[TASK BRIEF]:
Since the copy must match the original, write out each record word for word, skipping only the pictures.

[DATASET RECORDS]:
########################################
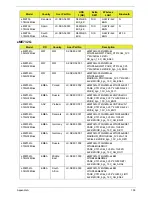 Preview for 168 page of eMachines E732 Service Manual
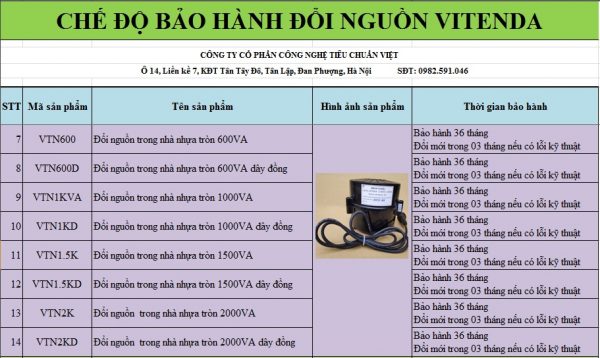 bao-hanh-doi-nguon-vitenda-2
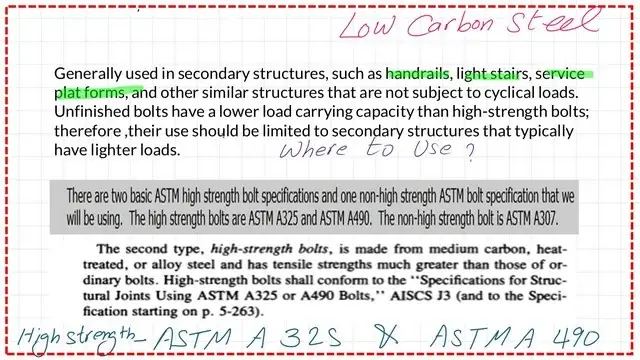 Low carbon steel and the other types of high-strength bolts.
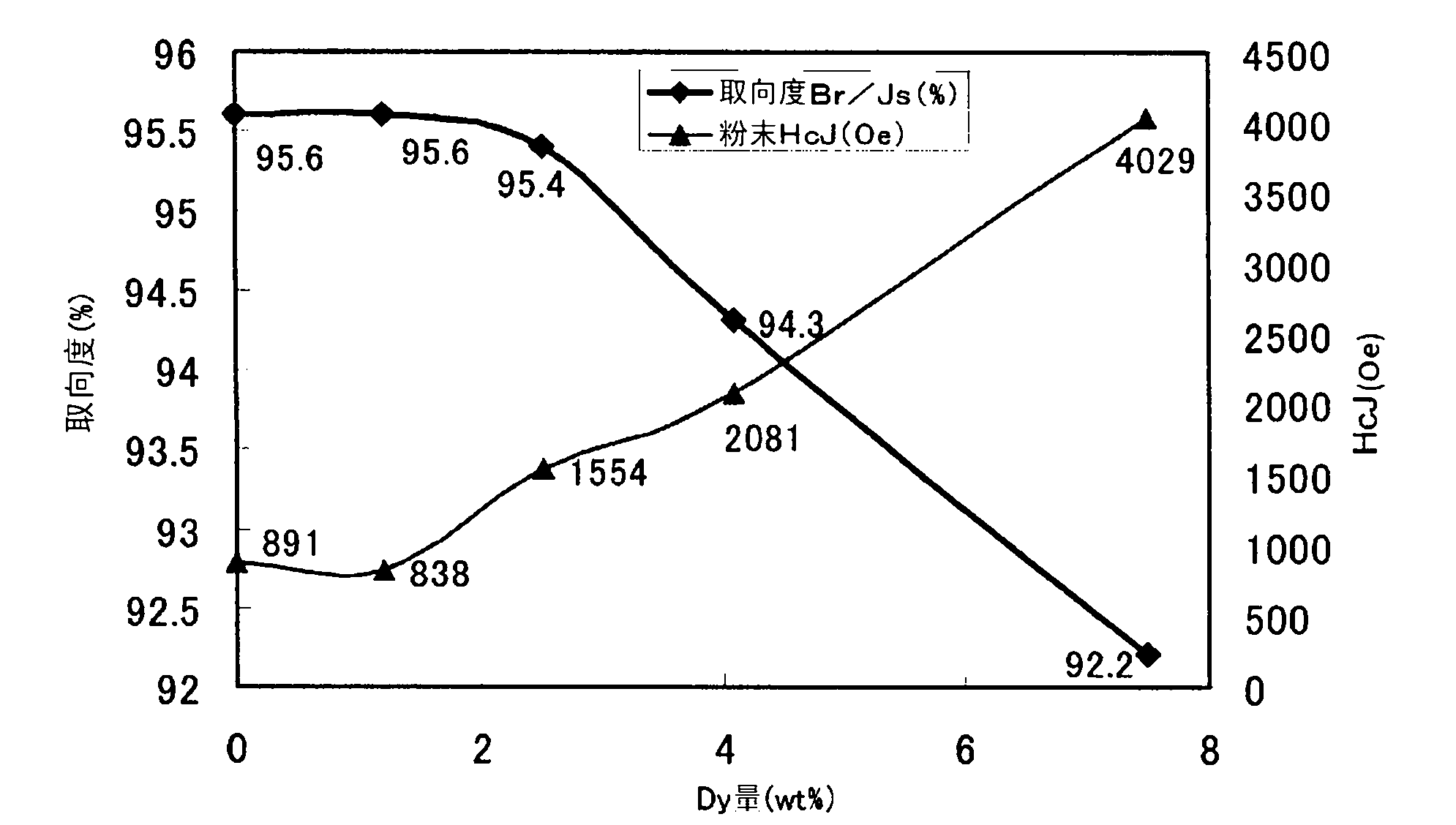 NdFeB sintered magnet production method and production device, and NdFeB sintered magnet produced with said production method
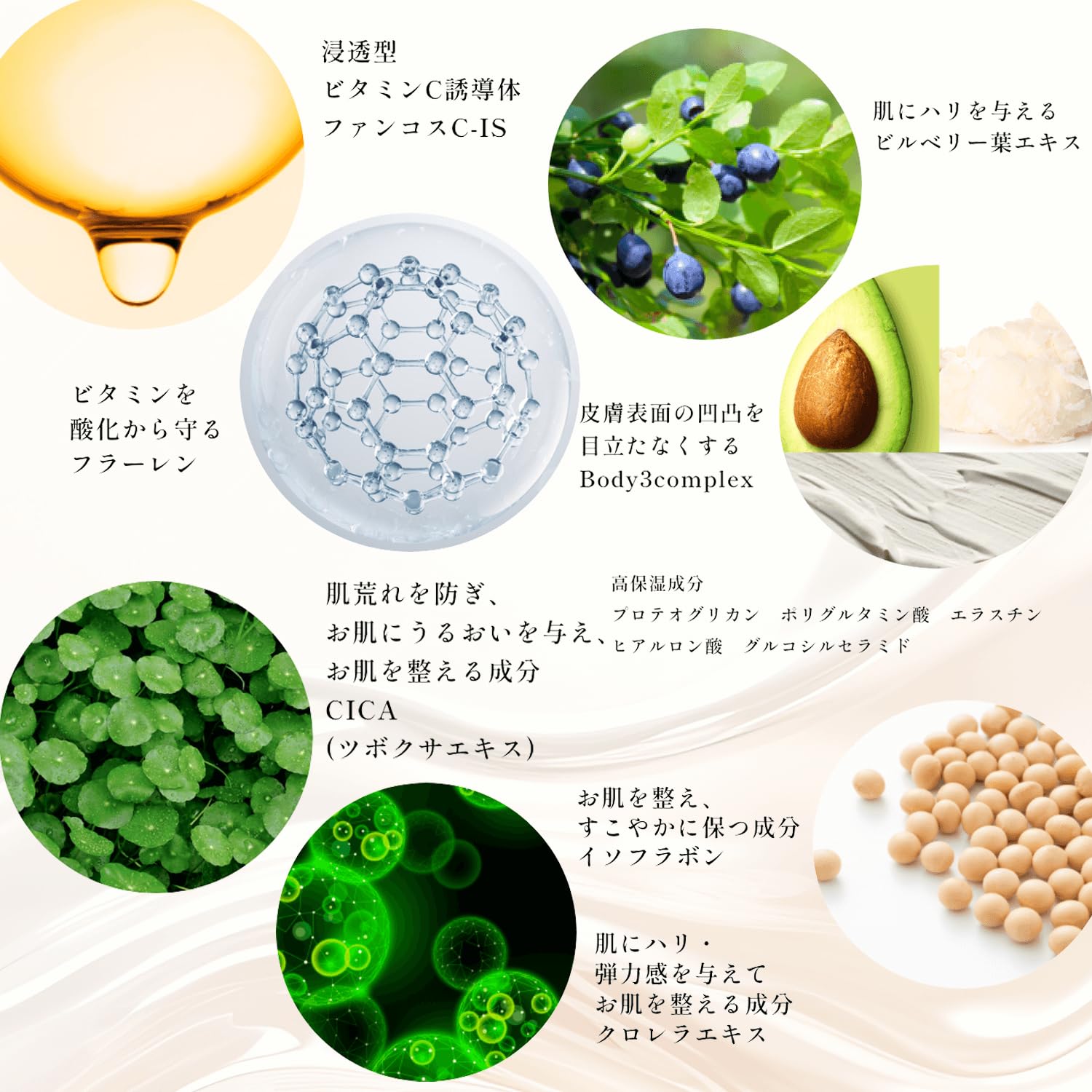 Amazon | NOCOR ノコア (お試し用) アフターケアにも使える ボディ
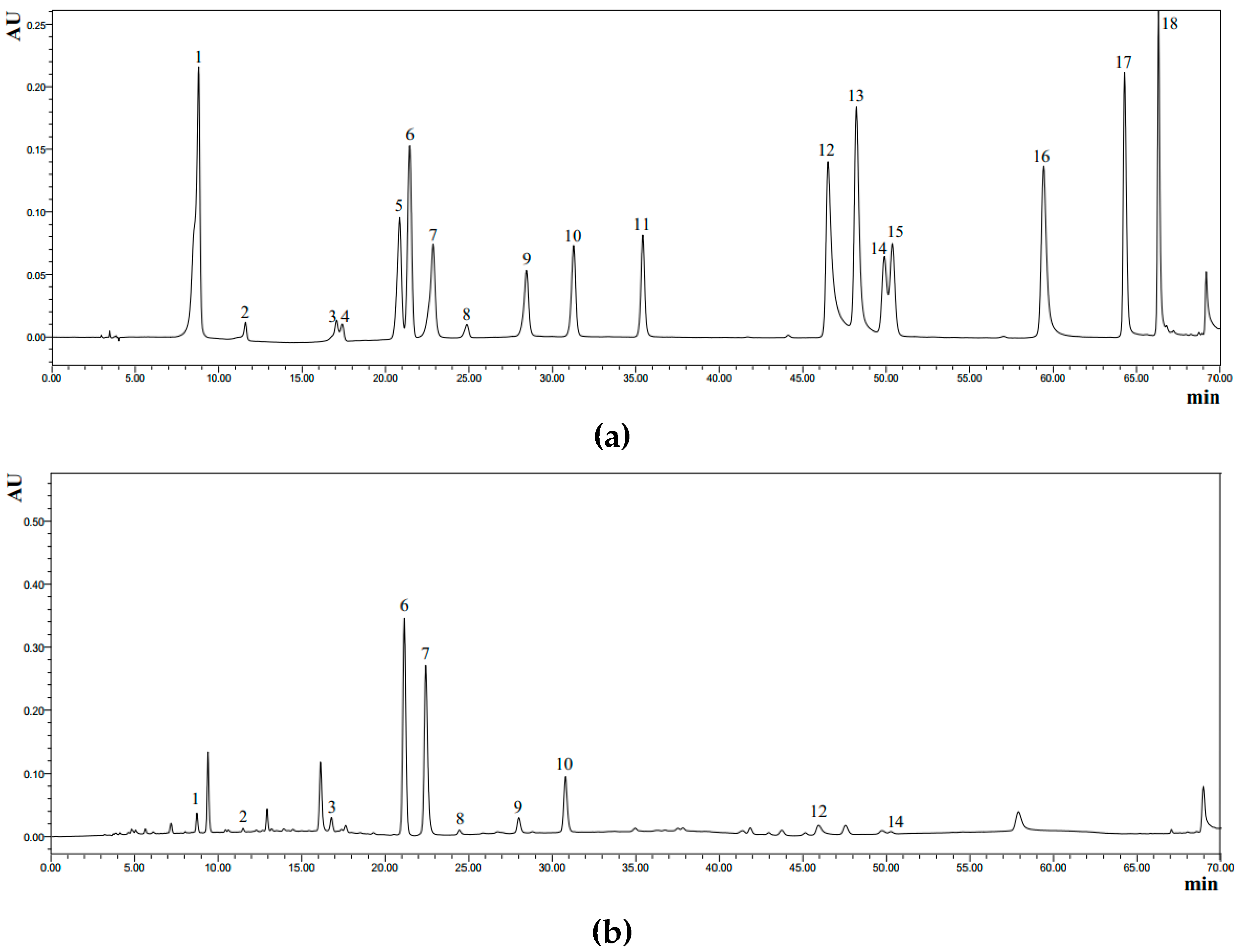 Antioxidants 08 00215 g005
########################################
[OUTPUT OF THE EXERCISE]:
 Preview for 168 page of eMachines E732 Service Manual
 bao-hanh-doi-nguon-vitenda-2
 Low carbon steel and the other types of high-strength bolts.
 NdFeB sintered magnet production method and production device, and NdFeB sintered magnet produced with said production method
 Amazon | NOCOR ノコア (お試し用) アフターケアにも使える ボディ
 Antioxidants 08 00215 g005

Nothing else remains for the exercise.